=== Work item ===
Keeping pictures out of the copy, restate each record word for word.

=== Data excerpts ===
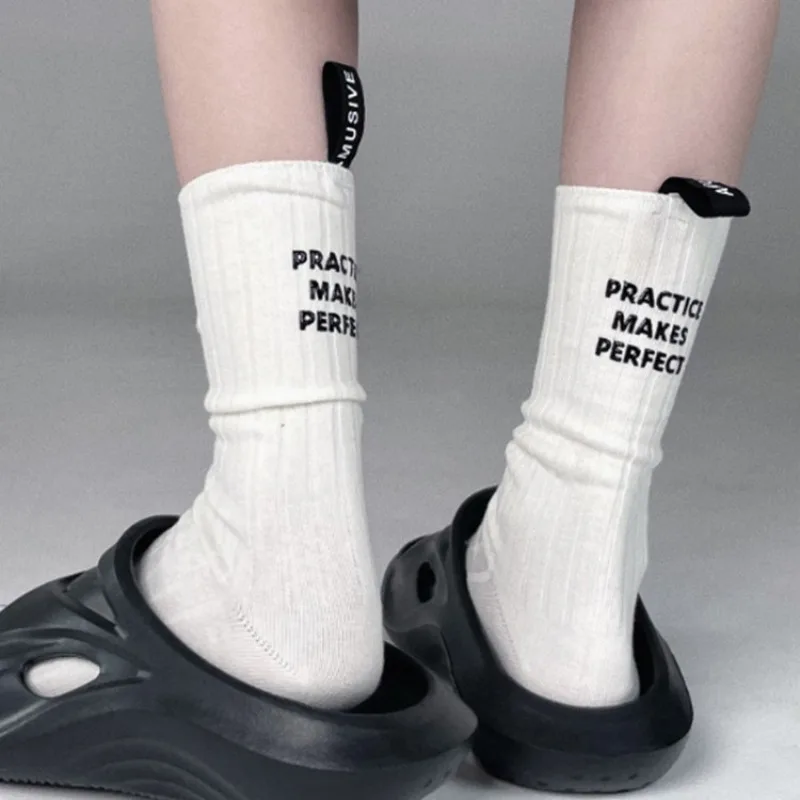 Spring Autumn New Style Cotton Stockings - Back Label Letters - Women's and Men's Couple Sport Mid-Calf Stockings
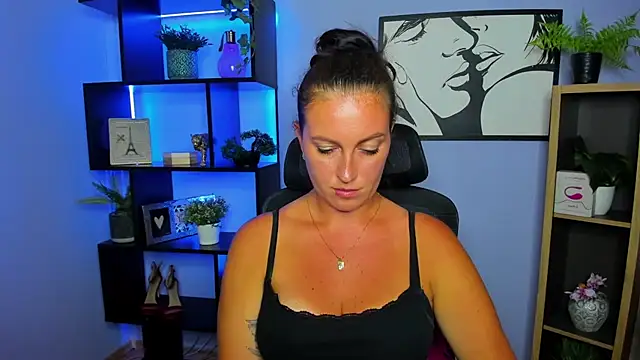 FUN_AMI live cam on StripChat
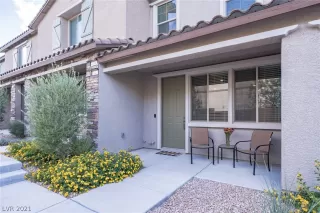 Photo #1: 2342533 Listing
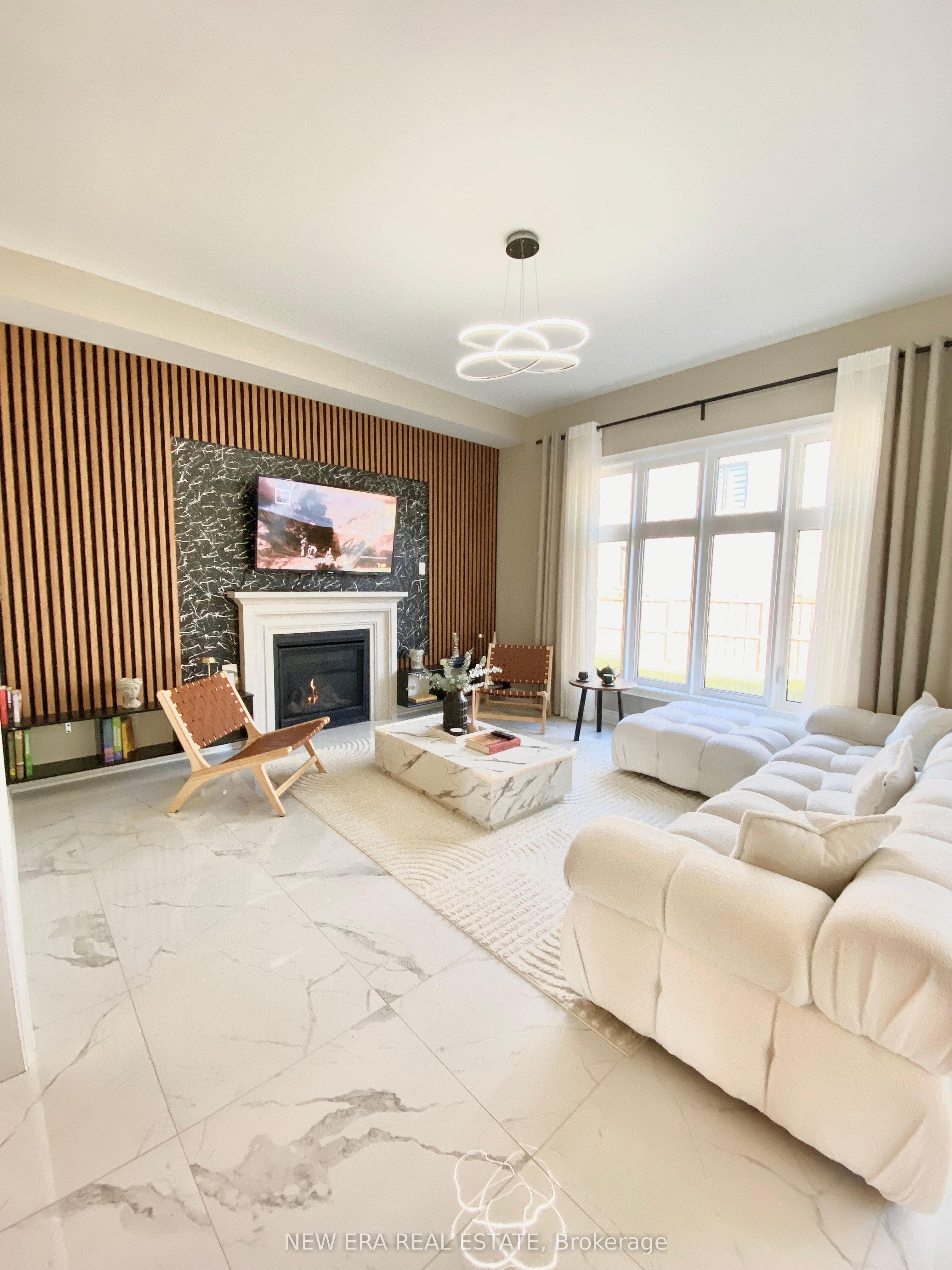 7 Ballanview Court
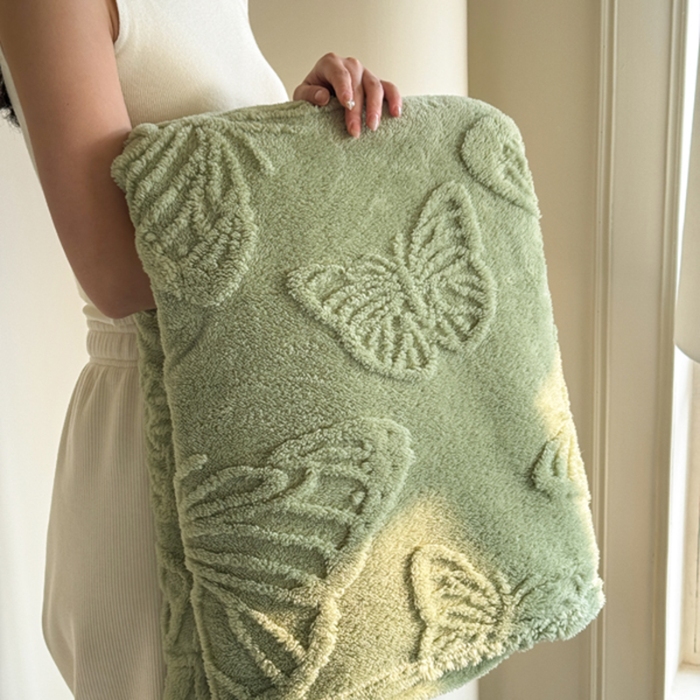 91家纺网 家纺一手货源 找家纺 2025款塔芙绒蝴蝶提花毛毯 纯色多功能休闲盖毯 爆款花型 电商/直播/外贸/跨境专供  蝴蝶绿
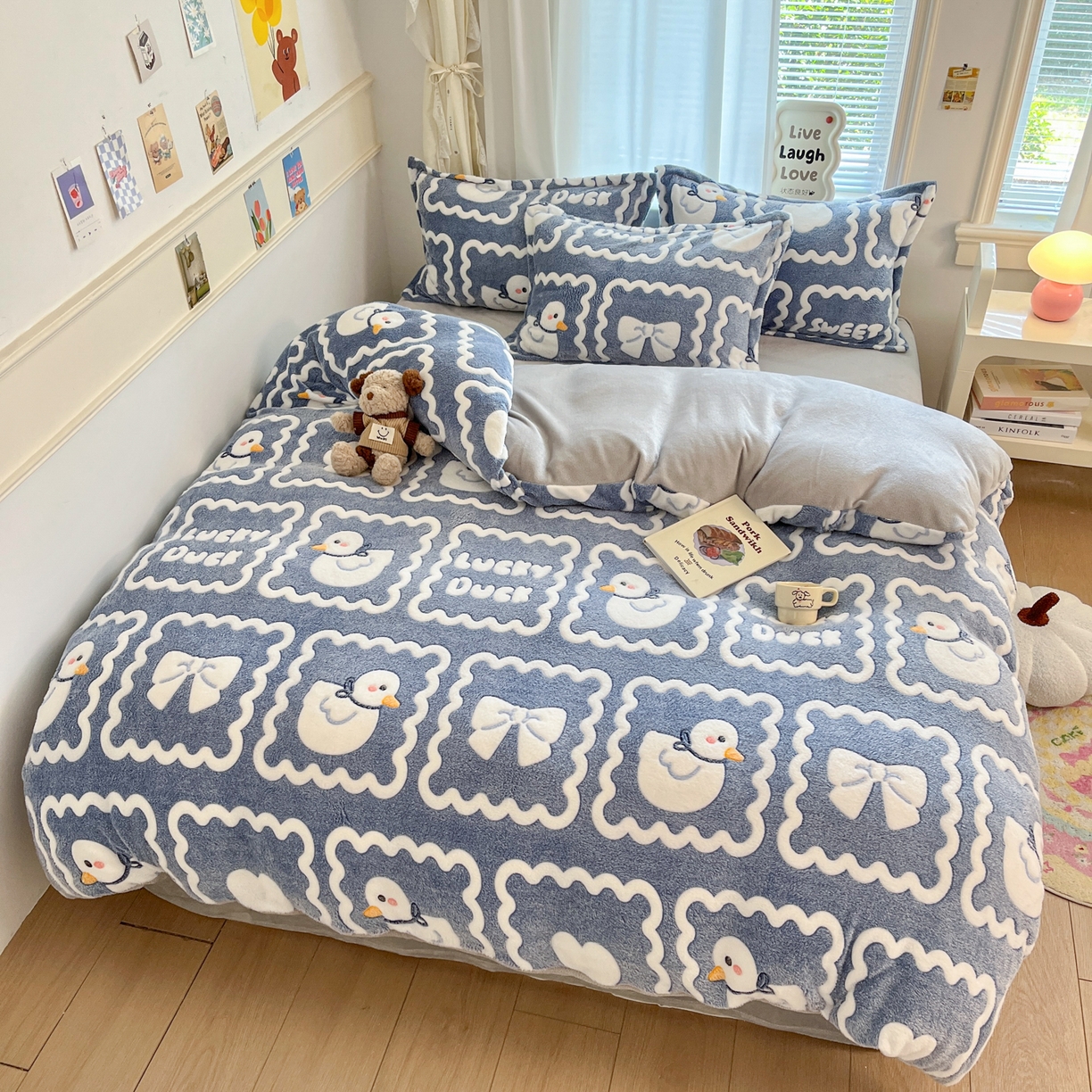 91家纺网 家纺一手货源 找家纺 川悦生活 2025新款立体雪花绒印花大床四件套系列一场景二 快乐鸭鸭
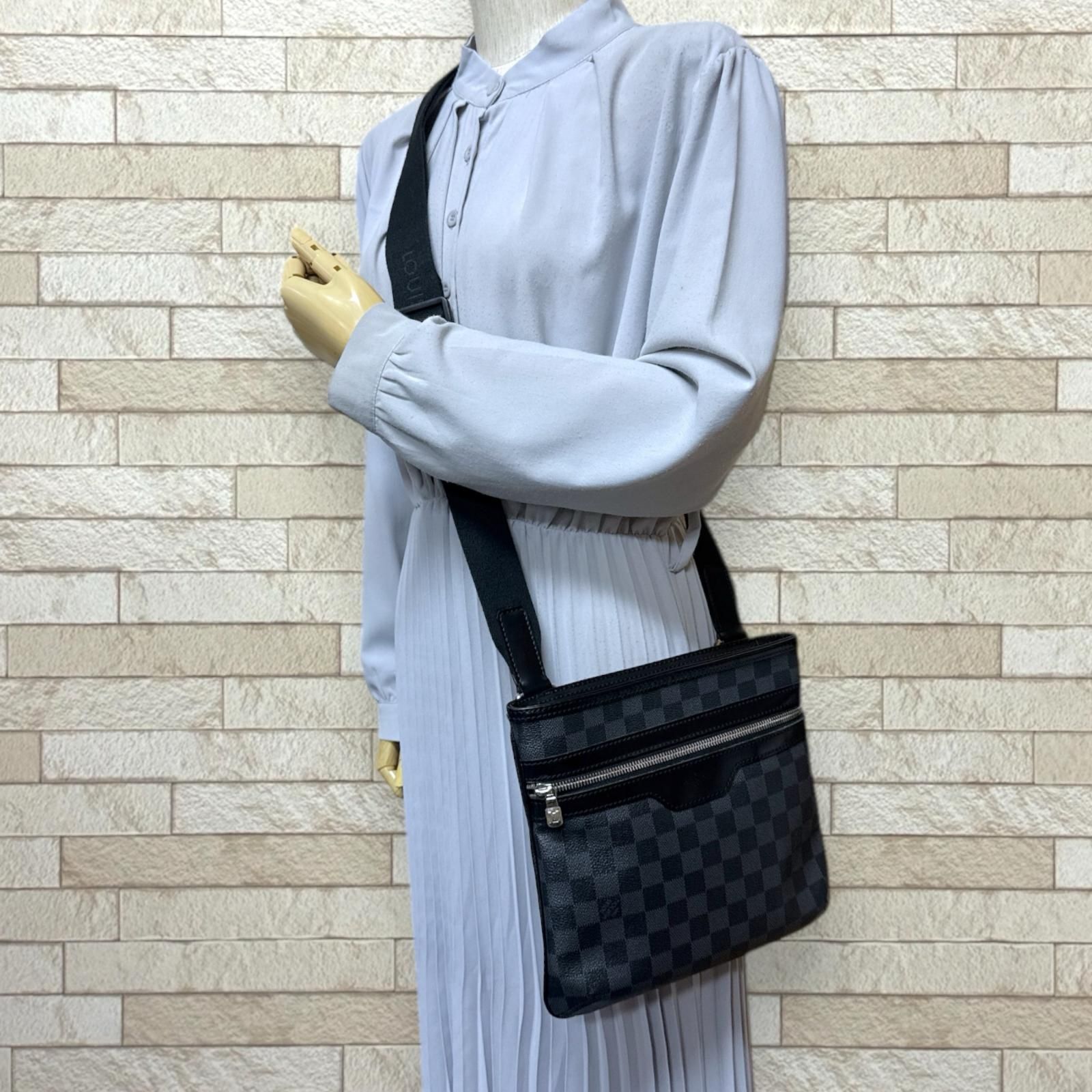 ルイヴィトン トマス ダミエグラフィット ショルダーバッグ ダミエグラフィットキャンバス N 58028 ブラック メンズ LOUIS VUITTON ルイ ヴィトン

=== Solved problem ===
 Spring Autumn New Style Cotton Stockings - Back Label Letters - Women's and Men's Couple Sport Mid-Calf Stockings
 FUN_AMI live cam on StripChat
 Photo #1: 2342533 Listing
 7 Ballanview Court
 91家纺网 家纺一手货源 找家纺 2025款塔芙绒蝴蝶提花毛毯 纯色多功能休闲盖毯 爆款花型 电商/直播/外贸/跨境专供  蝴蝶绿
 91家纺网 家纺一手货源 找家纺 川悦生活 2025新款立体雪花绒印花大床四件套系列一场景二 快乐鸭鸭
 ルイヴィトン トマス ダミエグラフィット ショルダーバッグ ダミエグラフィットキャンバス N 58028 ブラック メンズ LOUIS VUITTON ルイ ヴィトン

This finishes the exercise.